If the dough tears, and undoubtedly it will, don’t panic. Just pinch it with your floured fingers to repair any holes.

Cooking Techniques
Technically, it's best to cook this on a tonir, but since we don’t own one, and never will, I used a 12-inch non-stick skillet coated with vegetable spray, and prepared it on the stove top. One source recommended cooking this on a preheated, inverted wok over a gas stove. So, if you have a wok – and - a gas stove, that could be an option.
Jingalov Hats (Djingialov Hats)
Yields 4 loaves

Fresh Herbs
Herb Filling:
Fresh herb assortment to yield about 3 cups – or more (Ex: mint, parsley, cilantro, sage, thyme, rosemary, oregano, savory, dill, etc.)
A light sprinkling of Kosher salt
Drizzle of olive oil

Herb Directions:
1. Wash and spin-dry or towel-dry the herbs.
2. Coarsely chop the herb assortment, and sprinkle with salt to taste, but don’t over-do it. Add a drizzle of olive oil. Mix together.
3. Set aside until ready to use.
Dough Balls

Dough Ingredients:
3 cups flour
1/4 tsp. salt
1 Tbsp. olive oil
1 cup water

Dough Directions:
1. Mix together flour, salt, oil and water to form a dough. If the dough seems too dry, add a bit more water. If the dough is too sticky, add a little more flour at a time.
2. Knead until dough is smooth.
3. Divide dough into 4 equal-sized balls.
4. On a very well-floured work surface, roll each ball into a very thin circle or rectangle – as though you were making lavash. The shape tends to be more rustic than uniform.

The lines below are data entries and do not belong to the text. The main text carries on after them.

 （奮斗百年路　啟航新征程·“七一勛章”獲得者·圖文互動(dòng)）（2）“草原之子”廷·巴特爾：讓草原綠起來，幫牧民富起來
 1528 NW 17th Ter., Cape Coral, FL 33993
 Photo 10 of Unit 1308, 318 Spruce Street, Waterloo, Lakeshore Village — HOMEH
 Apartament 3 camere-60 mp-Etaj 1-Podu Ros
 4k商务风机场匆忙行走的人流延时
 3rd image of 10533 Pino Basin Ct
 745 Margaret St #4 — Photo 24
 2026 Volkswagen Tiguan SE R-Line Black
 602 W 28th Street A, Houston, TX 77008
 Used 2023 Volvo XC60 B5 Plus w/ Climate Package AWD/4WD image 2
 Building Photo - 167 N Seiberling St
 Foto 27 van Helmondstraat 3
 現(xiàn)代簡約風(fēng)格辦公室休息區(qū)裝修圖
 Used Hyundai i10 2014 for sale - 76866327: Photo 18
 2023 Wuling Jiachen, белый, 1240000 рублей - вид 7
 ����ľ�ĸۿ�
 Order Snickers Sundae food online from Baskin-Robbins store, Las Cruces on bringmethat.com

NOTE: If the dough is rolled too thick or if it isn't cooked long enough, the inner part will be doughy. This is a tricky balance that requires practice.
Rolled dough with herb filling

Assembling and Cooking Directions:
1. Place enough of the herb filling to almost cover one of the circles. Do not spread it all the way to the edge of the dough.

2. Fold the dough over the herb mixture, pinching the dough closed. Gently re-roll the dough to secure the herbs into the dough.
Herbs encased in dough

3. Coat a large non-stick skillet with vegetable spray, and bring to a medium to medium-high heat.
4. Place filled dough in skillet and cook on until brown spots appear on the dough’s surface. Carefully flip and cook on the second side.                                                

Stove top cooking method
To Serve: As an appetizer, cut into portions, and eat with your hands – OR - eat the entire piece yourself.
Don’t forget the red wine!


  1. dear Lena Tachdjian,
    the jingalov hats is never cooked in tonir. have you heard about SAJ???? it's like a bulging tray, on the fire. so as you have prepared it on a non-stick pen, it's wonderful.
    the people of Artsakh used to put HONACHIR (dried Cornus) or GSOKHUR (Berberis vulgaris) in it. you can add some sumak instead of them to give some sour taste.

  2. Dear Lena,
    thank you for adding "Jingyalov hats" to the cooking book!
    I am from Artsakh and live in Washington DC. You blog helped me to explain to my colleagues how I made it myself. I made my own Jingyalov hats for the first time yesterday and it turned out rather well.
    I have seen my mom and my grandmas cooking it many times, but I have never tried it myself.
    For the greens I used spinach, chervil, kale, chard (green part of red beets), cilantro, sorrel, green and yellow onions. And instead of "saj" which is usually made from cast iron I used my big cast iron pan.

  3. Thank you for keeping Armenian culture alive. I use spinach instead of sorrel and lemon juice.

  4. I cook them on a pre-heated griddle with nothing on it and they never stick. They come out looking like the picture.